Marta is not the only guest musician who appears on Padebeši. Uģis Vilcāns, an additional bass player, works with the bands own Vitālijs Piskunovs on just under half the albums 7 tracks, ensuring that even with the clean vocals and acoustic guitar segments, the album remains downright heavy. The unusual addition of Latvīte Cirse, who plays a Baltic psaltery on album highlight ‘Two Grizzled Steeds’ and fifth track ‘Black Thunderclouds’, adds an experimental spice to the album, one that is quite unique and certainly a rarity in the metal genre.
The instrumental component of this band is phenomenal. How much more need be said once the lightning fast soloing on ‘Two Grizzled Steeds’ takes over, or the tranquil acoustic guitar intro on ‘Black Thunderclouds,’ or the entirety of closing track ‘Epilogue’ occur? One need only allow themselves to experience the majesty of the dual-bass guitar attack on ‘Parkiuns…’ or the electric guitar assault on opening track ‘In the Battlefield’ to render any words entirely redundant. Once the soft acoustic guitar introduction on ‘Black Thundercoulds’ relents to a warring monolith of deep, bass driven fury and electric guitar chugging, all mention of written text becomes obsolete. The drumming, courtesy of Valdis Metlāns, does not merely yield to the trite and generic metal blast beat frenzy, but instead lends itself to filling in any gaps that could have appeared in the overall weaving of a song. The drumming decides not to be narcissistic and the centre of attention in the music and instead becomes an effective backbone to the album. The guitarists Zigmunds Čeksis and Alvis Bernāns share some of the greatest moments this album has to offer. Whether they be in the thunderous chugging, memorable riffing, or simply the captivating soloing, the guitarists ensure that the album exceeds expectations time and time again.
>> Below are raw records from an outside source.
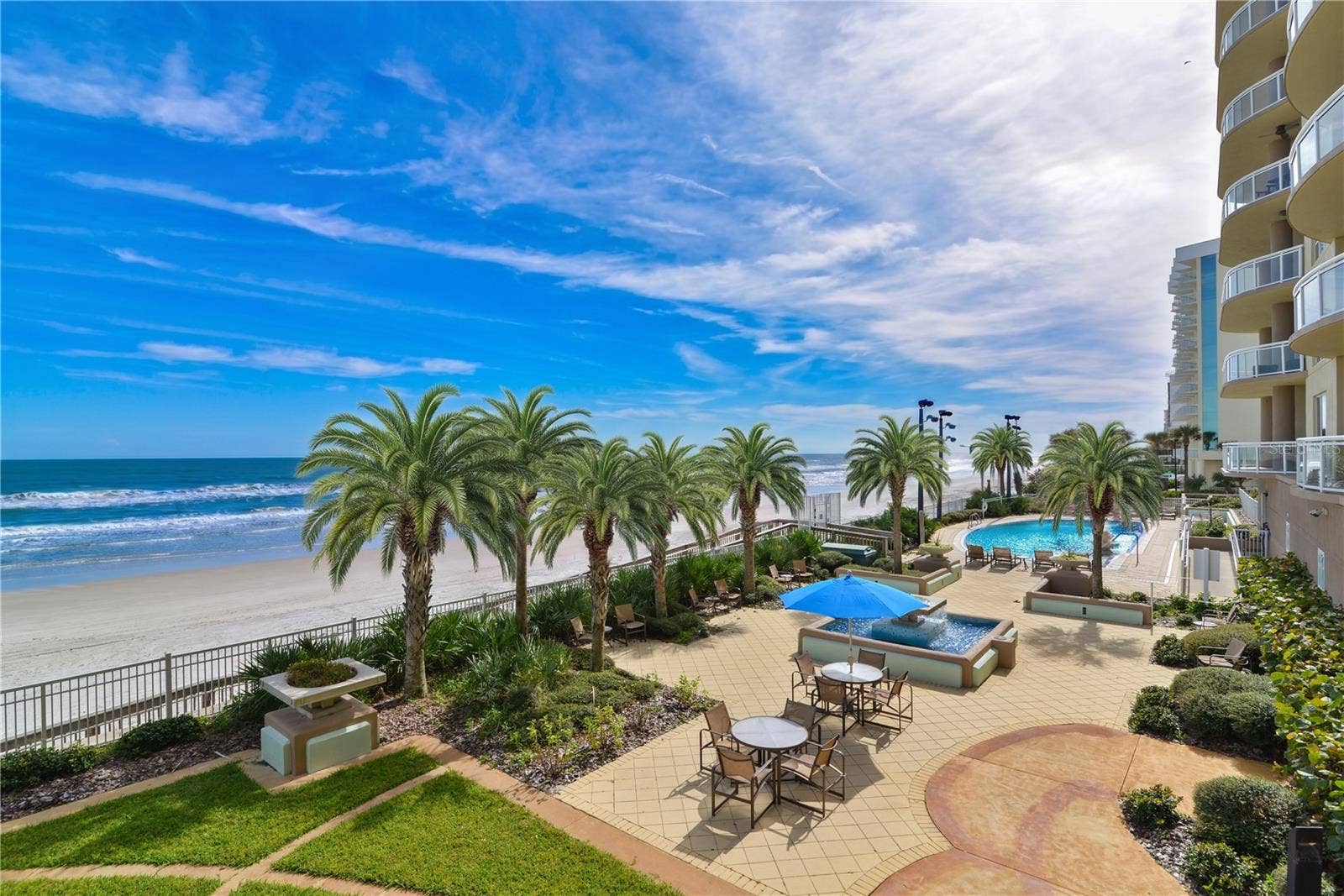 1925 S ATLANTIC AVENUE, #210, Daytona Beach Shores, FL 32118 1925 S ATLANTIC AVENUE, #210, Daytona Beach Shores, FL 32118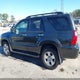 JTEZU14R370091037 2007 Toyota 4Runner Sr5 V6 auction photo thumbnail 14
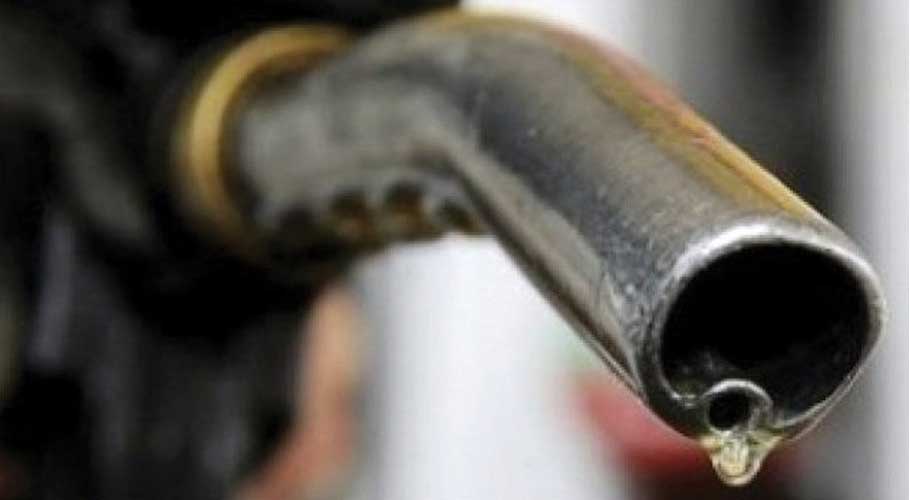 The regulator had proposed an increase of Rs11.53 in petrol price. (Source: AFP)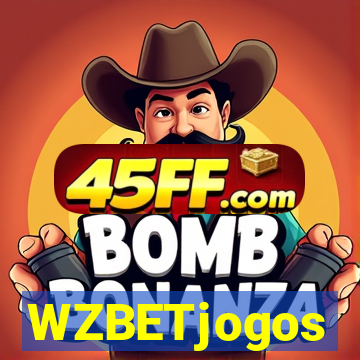 WZBETjogos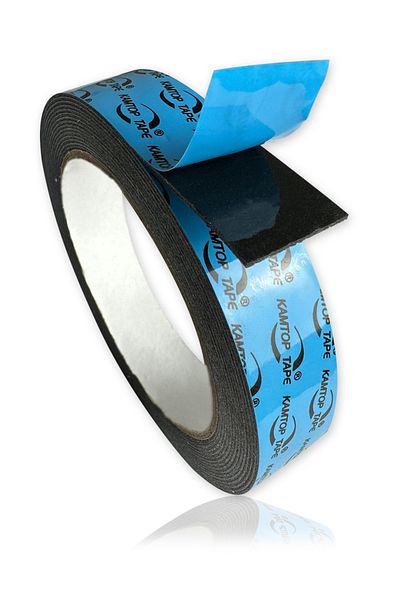 Choice Vs420 1 Roll Double Sided Tape Mounting Tape Heavy Duty Foam Tape For Home Decor Office Decor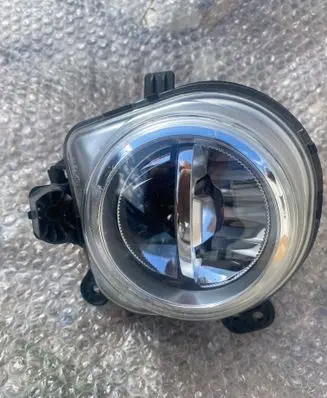 BMW X2 F39 Front fog light 7560500001 7444806 A9744480606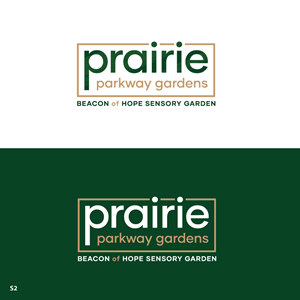 Logo-Design von Sujit Banerjee für dieses Projekt | Design: #36387927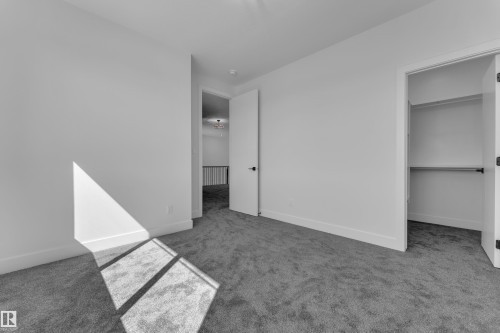 266 Falcon Crescent, Leduc, AB 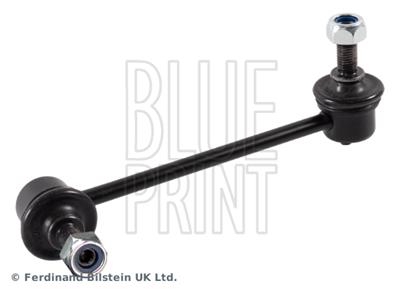 BLUE PRINT ADM58517 EAN: 5050063585179.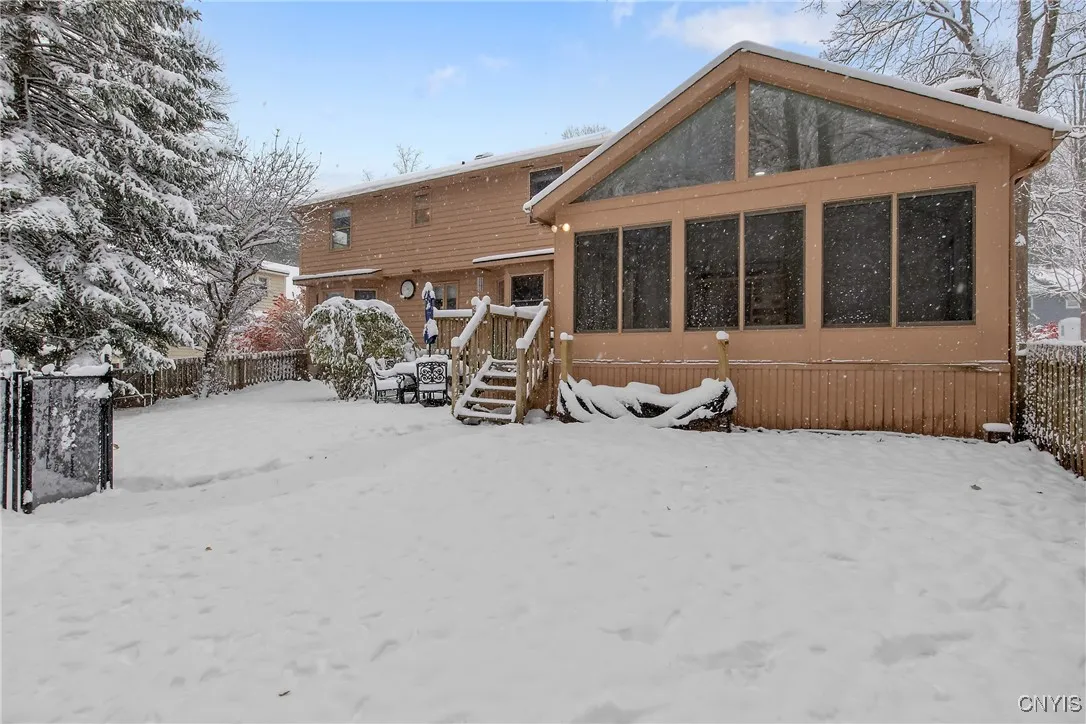 3432 Stanford Drive, Lysander, New York 13027, Lysander, New York 13027, 4 Bedrooms Bedrooms, 11 Rooms Rooms,2 BathroomsBathrooms,Residential,For Sale,3432 Stanford Drive, Lysander, New York 13027,0,S1650595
The production is top-notch and, even more amazing, is the knowledge that the bands very own master of everything musical, Alvis Bernāns, is responsible for it. The bass is audible amidst the torrent, the guitars are balanced, the vocals are at the perfect volume so as not to be hidden beneath nor overtake the instrumental elements. Everything is pristine, and yet, the closing track ‘Epilogue’, which also features some interesting, almost orchestral electronic effects, consists of an extended acoustic guitar run, of course performed by Alvis. But instead of sounding as though a machine was responsible for the guitar playing, Alvis decided to leave in what others may take out, such as the noise of fleshy fingers sliding against notes as he moves up and down the strings. It creates a very real feeling to the track; it feels much more alive and organic then it may have otherwise.
In the end, the songwriting, the intelligence of the guest musicians and band members themselves (particularly Alvis) have all culminated into a single stunning musical achievement; Padebeši.